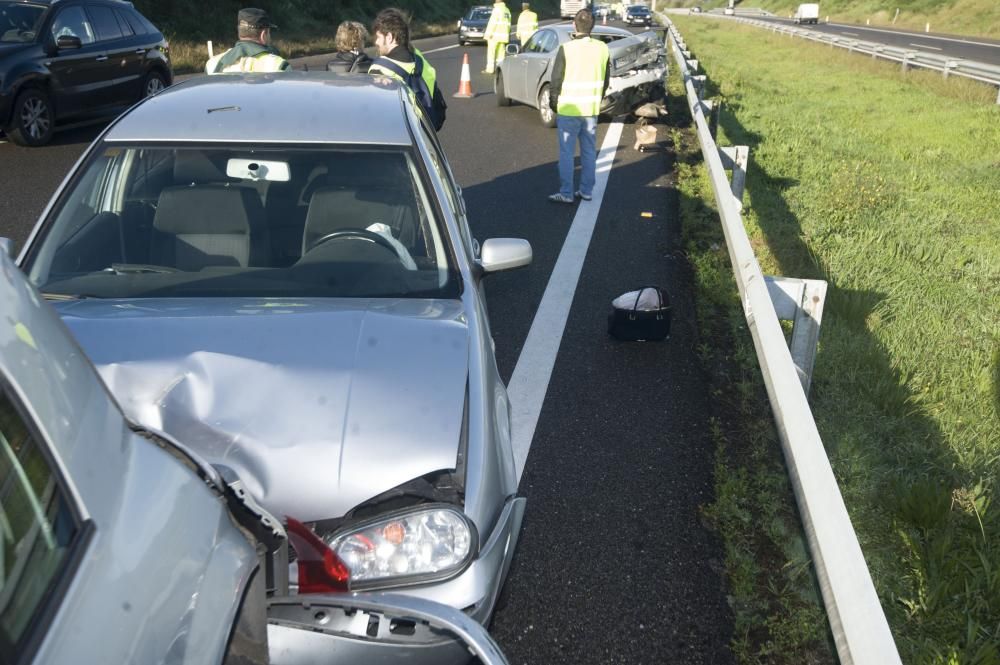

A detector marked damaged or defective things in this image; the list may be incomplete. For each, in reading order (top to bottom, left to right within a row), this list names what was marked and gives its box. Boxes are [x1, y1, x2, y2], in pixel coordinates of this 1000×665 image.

damaged silver car [496, 23, 668, 126]
crumpled car hood [56, 298, 470, 520]
damaged silver car [13, 72, 532, 632]
broken headlight [324, 504, 472, 588]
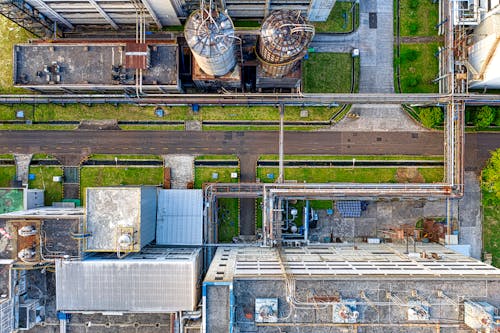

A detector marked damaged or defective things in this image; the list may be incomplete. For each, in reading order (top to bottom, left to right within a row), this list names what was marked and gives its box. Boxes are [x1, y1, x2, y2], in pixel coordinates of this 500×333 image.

rusty metal tank [185, 7, 237, 76]
rusty metal tank [256, 9, 314, 77]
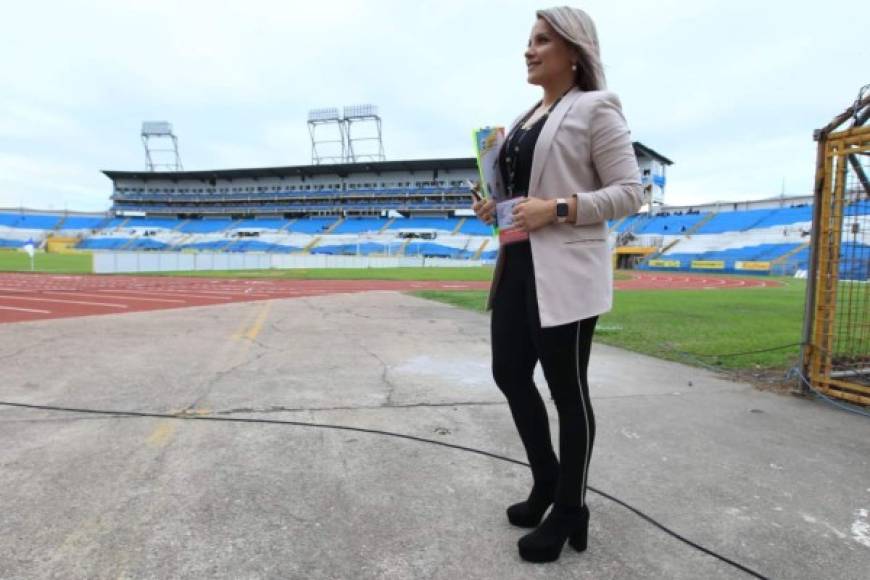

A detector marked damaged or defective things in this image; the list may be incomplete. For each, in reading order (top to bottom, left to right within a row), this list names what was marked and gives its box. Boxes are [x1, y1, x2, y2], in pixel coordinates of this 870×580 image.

cracked concrete ground [0, 292, 868, 576]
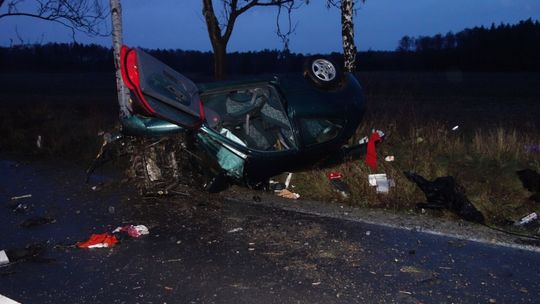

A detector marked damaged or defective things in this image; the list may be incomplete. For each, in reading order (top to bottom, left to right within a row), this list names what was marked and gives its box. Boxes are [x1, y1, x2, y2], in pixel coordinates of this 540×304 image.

overturned green car [115, 45, 368, 192]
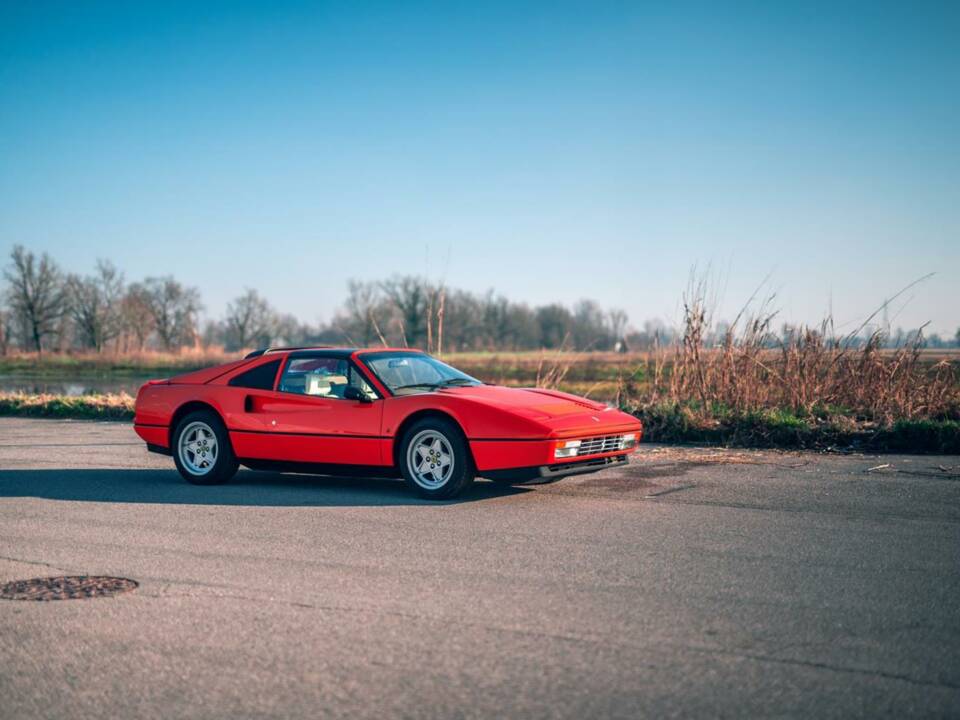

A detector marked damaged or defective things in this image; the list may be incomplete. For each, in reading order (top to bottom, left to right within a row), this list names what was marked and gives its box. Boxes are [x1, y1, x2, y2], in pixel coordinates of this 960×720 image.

cracked asphalt [1, 420, 960, 716]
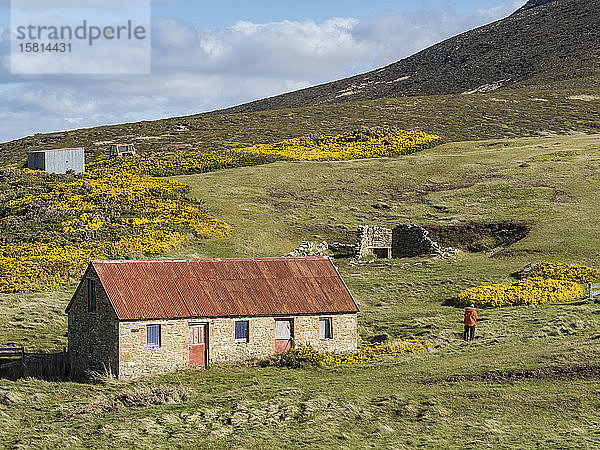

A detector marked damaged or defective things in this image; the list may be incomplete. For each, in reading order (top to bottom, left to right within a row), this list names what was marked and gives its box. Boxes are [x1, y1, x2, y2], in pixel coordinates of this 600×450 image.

rusty corrugated roof [85, 256, 356, 320]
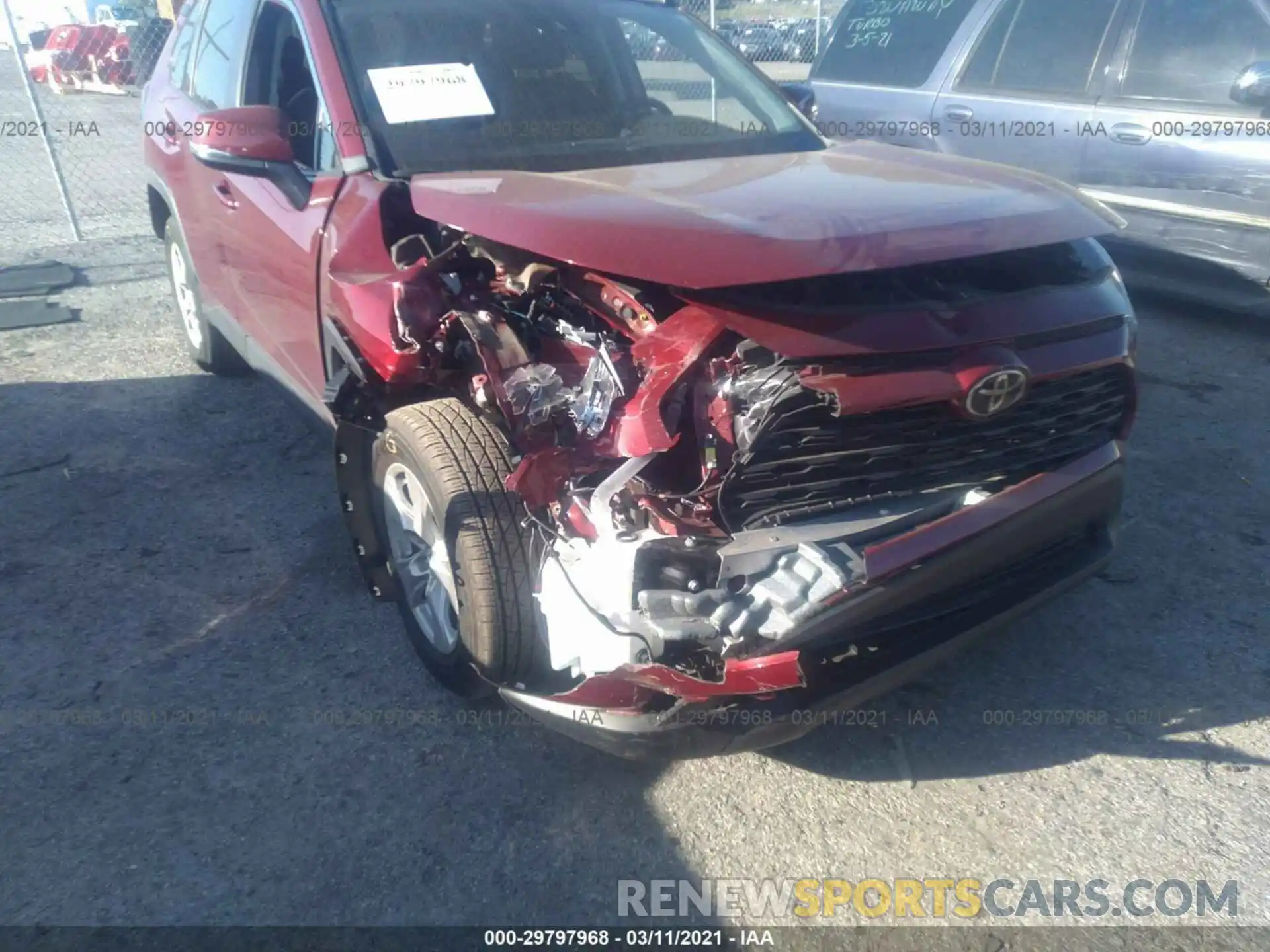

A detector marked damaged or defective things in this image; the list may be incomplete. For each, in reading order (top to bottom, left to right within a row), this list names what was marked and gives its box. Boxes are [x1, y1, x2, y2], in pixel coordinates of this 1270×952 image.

crumpled hood [409, 141, 1122, 290]
damaged front end [322, 180, 1138, 762]
mangled bumper cover [500, 444, 1127, 766]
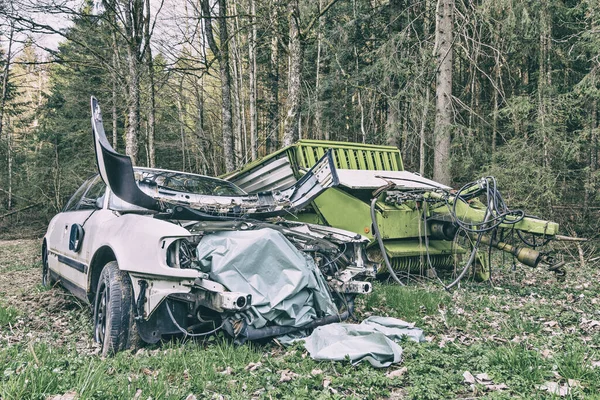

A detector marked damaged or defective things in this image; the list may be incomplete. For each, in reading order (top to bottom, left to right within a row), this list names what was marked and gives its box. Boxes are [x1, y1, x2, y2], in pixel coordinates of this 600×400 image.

detached car door [47, 175, 106, 296]
broken windshield [134, 167, 246, 197]
wrecked white car [39, 98, 372, 354]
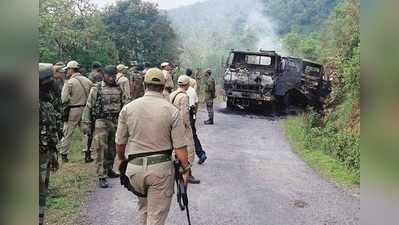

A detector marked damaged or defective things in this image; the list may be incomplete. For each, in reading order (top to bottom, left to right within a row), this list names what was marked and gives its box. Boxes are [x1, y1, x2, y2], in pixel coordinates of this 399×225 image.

· · ·

- Brief: All entries above should be returned exactly, apart from their pictures.

- Response area:
A detector marked damaged or defective things in this image; the list may be incomplete. For each, in reading order (top to bottom, left to right within a row), this list names what was marked and gives its box. Boxes are [x1, y1, x2, y2], in pixel coordinates of this 1000×665 image.

damaged silver car [496, 23, 668, 126]
crumpled car hood [56, 298, 470, 520]
damaged silver car [13, 72, 532, 632]
broken headlight [324, 504, 472, 588]

A detector marked damaged or defective things in this image; the list may be incomplete. For each, in reading order (top to bottom, left to right within a row), this list names what was marked and gives its box. Boxes are [x1, y1, x2, y2], in pixel coordinates of this 500×333 image.

rusty metal tank [185, 7, 237, 76]
rusty metal tank [256, 9, 314, 77]

A detector marked damaged or defective things in this image; the list may be incomplete. For each, in reading order (top to bottom, left to right within a row), this list names what was marked and gives its box. Boxes are [x1, y1, x2, y2], in pixel coordinates of this 870×580 image.

cracked concrete ground [0, 292, 868, 576]

A detector marked damaged or defective things in this image; the list may be incomplete. For each, in reading order (top to bottom, left to right within a row), this list names what was marked and gives its box. Boxes are [x1, y1, x2, y2], in pixel coordinates of this 540×304 image.

overturned green car [115, 45, 368, 192]

A detector marked damaged or defective things in this image; the list may be incomplete. For each, in reading order (top to bottom, left to right within a row), this list names what was marked and gives its box. Boxes are [x1, y1, x2, y2], in pixel coordinates of this 960×720 image.

cracked asphalt [1, 420, 960, 716]

A detector marked damaged or defective things in this image; the list may be incomplete. For each, in reading order (top to bottom, left to right within a row), this list names what was marked and gives its box. Boxes are [x1, y1, x2, y2], in pixel coordinates of this 600×450 image.

rusty corrugated roof [85, 256, 356, 320]

A detector marked damaged or defective things in this image; the list may be incomplete. For each, in reading order (top to bottom, left to right within a row), this list names what was marked and gives its box. Boxes are [x1, y1, x2, y2], in pixel coordinates of this 1270×952 image.

crumpled hood [409, 141, 1122, 290]
damaged front end [322, 180, 1138, 762]
mangled bumper cover [500, 444, 1127, 766]

A detector marked damaged or defective things in this image; the list may be incomplete. For each, in reading order (top to bottom, left to right within a row), this list names what was marked and gives its box. Boxes are [x1, y1, x2, y2], in pixel coordinates of this 600×400 image.

detached car door [47, 175, 106, 296]
broken windshield [134, 167, 246, 197]
wrecked white car [39, 98, 372, 354]

A detector marked damaged or defective things in this image; the list may be incomplete. For each, in reading order (top to bottom, left to right within a row), this list names what was marked and gives its box. Boxes are [x1, y1, x2, y2], in pixel coordinates of this 399×225 image.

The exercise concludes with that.